───── RECORDS TO USE ─────
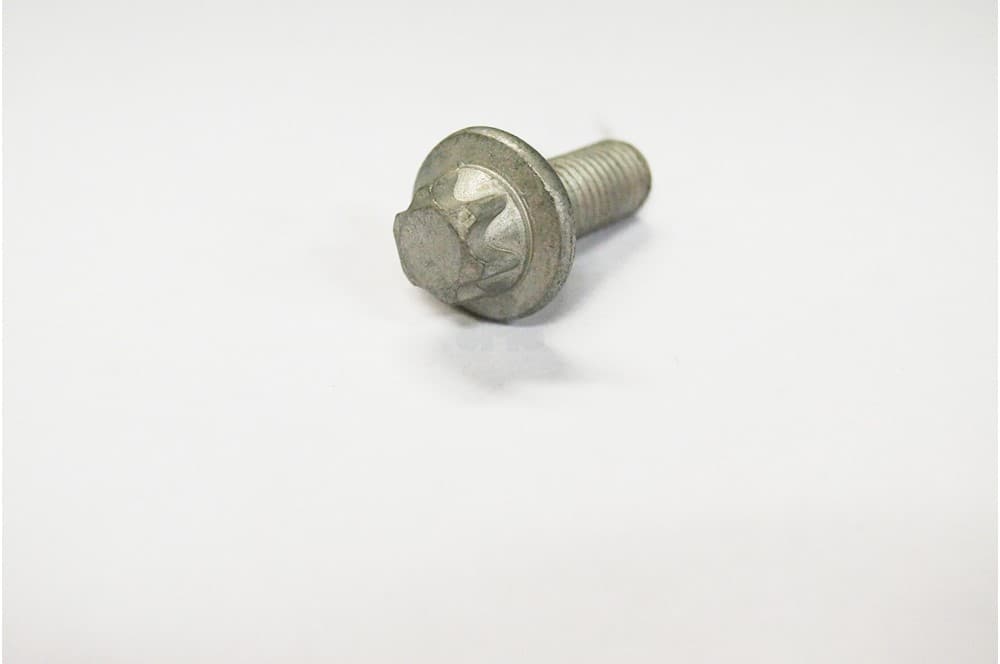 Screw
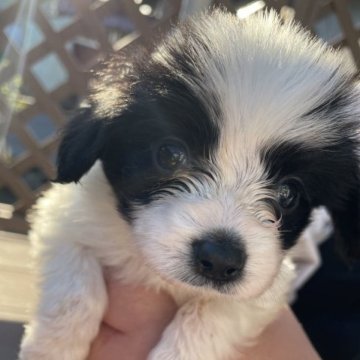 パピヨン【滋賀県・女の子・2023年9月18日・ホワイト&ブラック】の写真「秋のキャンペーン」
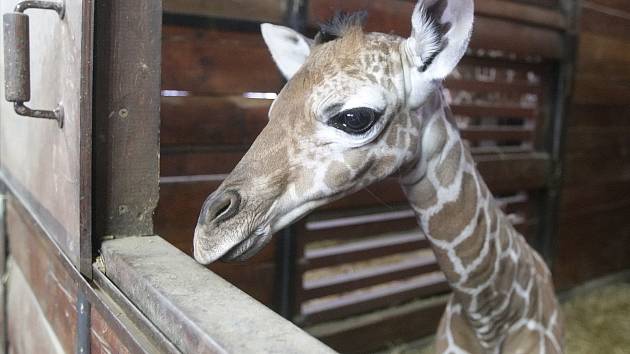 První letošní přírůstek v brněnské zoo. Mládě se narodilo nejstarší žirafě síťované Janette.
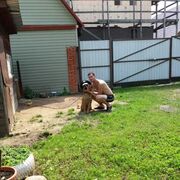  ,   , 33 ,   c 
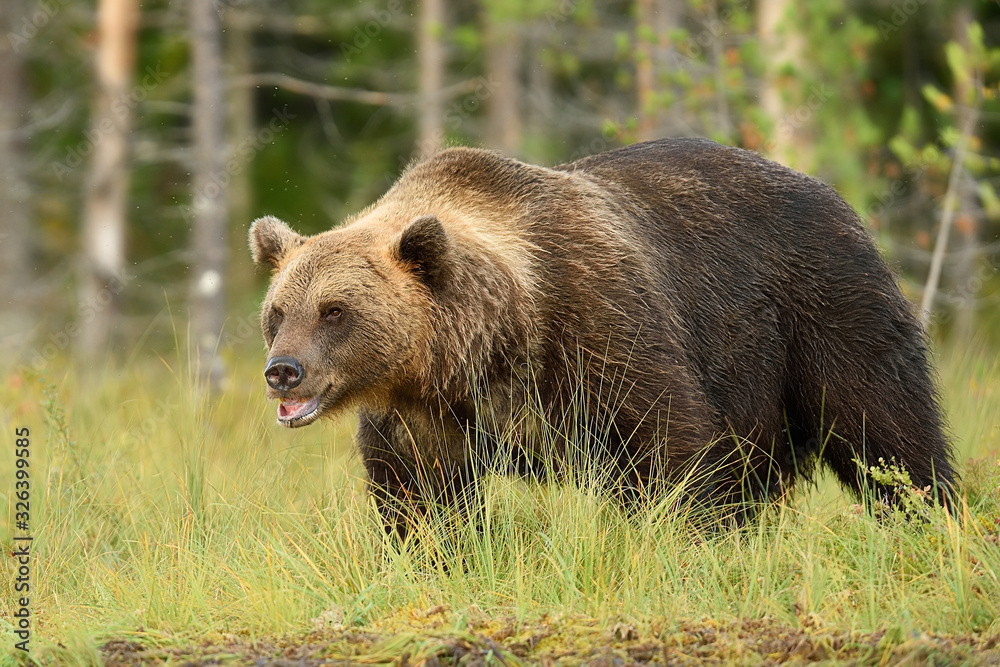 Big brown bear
─────
───── RECORDS TO USE ─────
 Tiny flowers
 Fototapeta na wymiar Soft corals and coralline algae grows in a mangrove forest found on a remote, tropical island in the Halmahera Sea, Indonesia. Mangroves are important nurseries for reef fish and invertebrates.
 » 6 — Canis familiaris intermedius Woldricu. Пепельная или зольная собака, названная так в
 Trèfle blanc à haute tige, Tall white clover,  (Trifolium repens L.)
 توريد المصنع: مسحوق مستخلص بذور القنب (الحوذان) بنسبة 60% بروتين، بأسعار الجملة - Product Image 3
─────
PROBLEM DESCRIPTION
Retype the lines above exactly as they appear, from the line containing "パピヨン【滋賀県・女の子・2" through the line containing "Big brown bear", and leave out any pictures.

FINISHED EXERCISE
 パピヨン【滋賀県・女の子・2023年9月18日・ホワイト&ブラック】の写真「秋のキャンペーン」
 První letošní přírůstek v brněnské zoo. Mládě se narodilo nejstarší žirafě síťované Janette.
  ,   , 33 ,   c 
 Big brown bear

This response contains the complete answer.